Yeah I always totally mean to write up a huge article on stuff out this way as I've really got involved and consider myself to have enough knowledge on the squat and street scene here down south now to help people but I'm on a shitty phone so it's hard .


----------



## Anagor (Jun 2, 2015)

Matt Derrick said:


> but i know that there was a squatter's convergence in dublin last year:



I was in Dublin that weekend and knew about the convergence. Unfortunately somehow I wasn't clever enough to find it ... :/


----------



## undine (Oct 28, 2015)

Hi, I am an Irish squatter, this is the sus; 

The squatting scene here is exploding, its legally a civil matter until injunctions or *ejectment* orders are issued. So legally its very similar to the UK before the law changed. There is a massive homeless crisis at the moment and a huge amount of empty buildings. Over 300,000 nationally, around 76 for every 1 homeless person. A lot of housing activist organizations that are endorsing squatting and some public support.

Over the last three or four years, a squatting community in Dublin has grown and established itself to a point where it now has several long-term squats. There has been about 4 squat projects, a good network of support, and a wealth of knowledge and experience of the practical aspects of squatting. It put on the 2014 Dublin International Squatters Convergence, a four-day event which an estimated 100+ squatters from abroad attended.

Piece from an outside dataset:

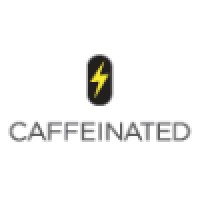 Caffeinated logo, Caffeinated contact details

For a time an autonomous social center called Seomra spraoi held practical squatter nights once a month. https://seomraspraoi.org/2014/11/practical-squatting-nights-in-seomra-spraoi/
After 10 years the seomra spraoi projected ended, mainly due to burn out of collective members having to raise donations for high rent every month.

The barricade Inn
A new collective emerged and squatted a hotel in an extremely central spot in Dublin city. Its called "The Barricade Inn" its an anarchist social center and infoshop. It has been squatted now for about 7 months, it is currently facing an injunction though. The barricade Inn hosts " Practical squatter nights" weekly
Inside there is :
An Infoshop/ library 
A vegan cafe 
A gig space 
A computer lab 
Meeting rooms
A free shop
A bike workshop
A screen printing / art room
There is two social center floors and two residents floors
https://www.facebook.com/barricadeinn/
https://barricadeinn.squ.at/

Bolt Hostel
From this collective a project to squat a abandoned homeless hostel owned by the city grew. The squatted hostel was opened to offer accommodation to the homeless. This project was run by a collective formed of anarchists, squatters, socialists, ad a bunch of housing activist organizations.
This project was also evicted.
https://www.facebook.com/Bolt-Hostel-518802108270508/

Squat City
A huge huge warehouse complex comprising of several warehouses and houses was previously squatted for over 2 years. There was a drink and drug free artist studio space called headspace, a community garden, cinema area, circus area, freeshop areas, houses being constructed etc and much more. There was a crazy attempted eviction that was successfully resisted, 
, then an injunction. There was a lot of support then from the local community with hundreds of them visiting the squat over the course of a few days. A tripod was constructed and huge fortifications and barricades were made. The mayor of Dublin supported the squatters, as well as the local church. There was a petition from the kids in the local school to support the squat and dublin city council workers and fire division dropped food by. Locals donated loads of cash from there pockets to help. It was featured in mainstream media and cop helicopters circled the squat for days collecting info. Squatters trickled away to other areas of the city after the injunction was passed. A row of houses down the road were then opened by a crowd of squatters in broad daylight in front of the garda (Irish cops). These houses were squatted for a couple of weeks until an injunction came through for them too. 
https://www.facebook.com/resistgg/?fref=ts
http://www.independent.ie/irish-new...ist-eviction-from-derelict-site-31090901.html

There has been squats starting in two cities besides Dublin and elsewhere in Ireland. 

Some squatters have migrated over to Dublin from other countries due to how deadly it is, The squatting movement is only starting here!
You should come squat here! There is too many fucking gaffs for us to squat without you.

Fuck private property,
undine


----------